[Date Prev][Date Next][Thread Prev][Thread Next]
[Date Index]
[Thread Index]
- Subject: Re: unicode char ranges
- From: spir <denis.spir@...>
- Date: Wed, 05 Dec 2012 11:45:20 +0100
Right, things are clearer, i guess, the discussion helped me better realise that
there is no basic or natural order, even just for programmers. for the concrete
check whether a character is in range, I will stick with code-ordering, meaning
lexicographical order (as in dictionaries) of multi-byte and/or multi-code
characters based on code numeric values. however, the problem remains that
depending on actual coding form, decomposed or precomposed [1], code-order is
different. (This is similar, but different from the issue that a given char or
string may _literally_ match depending on the presently used coding form.)
I took it for granted that programmers would "naturally" expect that eg "â"
would sort outside the [a-z] range, as in latin-1 or with Unicode _precomposed_
codes. Maybe because I have myself eaten too much latin-1. If I understand
Dirk's method and proposal, he takes the opposite for granted, namely that
composite letters (like "â") should sort with (or just after) their
corresponding simple letter (here "a"). If I misunderstood, I'm sorry.
In any case, maybe it's better to first consider this view because --I guess--
it is probably closer to end-user expectation and common ordering in various
languages (there are languages where composite letters sort totally apart,
though, if you know concrete examples, thank you).
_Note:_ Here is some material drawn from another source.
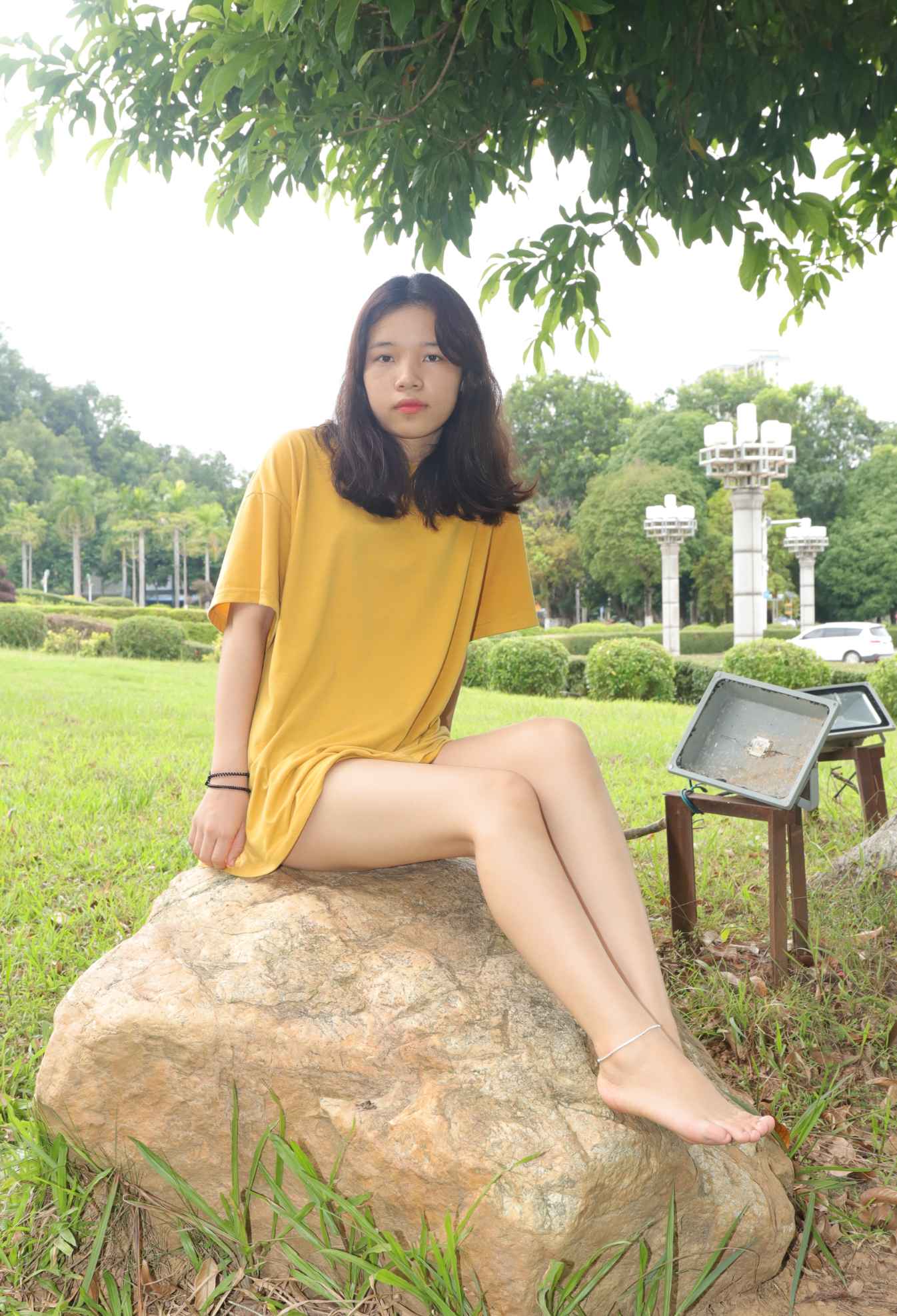 [Pary学生模拍]038新模小宁草地上大方露出美脚_绳缚吧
I'm considering the following design:
* Make it clear that the lib deals with character ranges "stupidly", according
to code values in sequence.
* Illustrate the consequence with examples such as "â" in decomposed and
precomposed forms.
* Process the source text as is, meaning that (1) if precomposed then composite
characters sort apart (2) if decomposed then composite characters sort just
after their base.
* Plan for letting the door open to an extension proposing 3 modes:
0. base mode, source is left text as is, unprocessed (or possibly just
decoded to a unicode seq)
1. source is preprocessed toward decomposed form
2. source is preprocessed toward precomposed form
What do you think?
A solution à la Dirk may not be very practicle for a general-purpose lib.
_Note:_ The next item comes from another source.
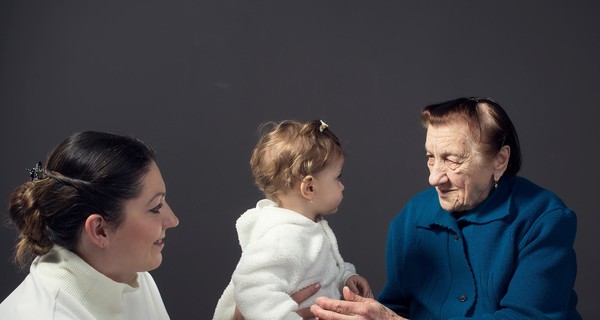 Львовский фотограф объявляет аукцион, чтобы помочь дому престарелых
Actually, to be really useful, it would probably require in many cases for users
to define their own map table, wouldn't it? And it is very costly, since char
ranges are, with plain literals, the base matching pattern of all string parsing
(ultimately each char in source is either matched as [part of] a literal or as
valid for a range); also, due to alternatives and other choices in grammar,
typically composed in layers of syntactic structures, each bit of source is
usually matched numerous times before matching succeeds. Thus, I guess
overloading char ranges with systematic gsub+mapping may multiply parsing times.
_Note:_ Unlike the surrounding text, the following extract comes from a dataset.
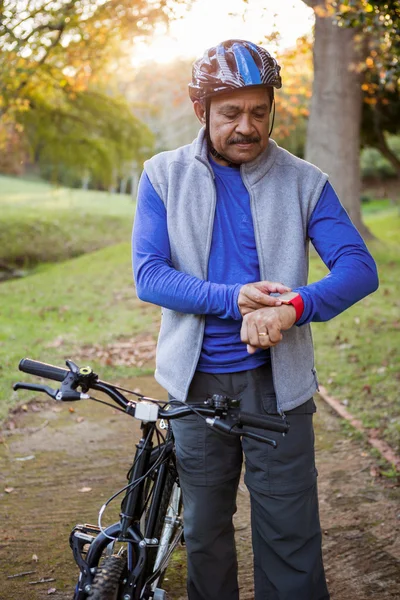 Uomo che tocca il suo orologio — Foto Stock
Else, char-range matching is simple enough. To allow for any unicode source
(including pattern literals), presently a range is just defined as:
digit = Range {"0","9"}
Thus (unlike regex-like formats) each range-border character can be artitrarily
compound (multibyte, multicode) and when composite in arbitrary form (decomposed
or precomposed). Then, matching is just checking whether, byte after byte or
code after code (if the source is decoded), the snippet in source is in range,
lexicographically.
(However, without full normalisation I cannot just compare whether next
"character" is properly >= and <=, since I have no idea how many bytes or codes
said character covers. I need to check step by step until 1 given byte or code
tells me "no!" or "yes". Though a specialisation is easy for the probalby very
common, but not general case where border chars have same length.)
Seems sensible?
denis
[1] Or mixed (!): as in a-with-tilde-and-dot-below coded as a-with-tilde +
dot-below. One problem with precomposed forms is that they also introduce
half-composed forms...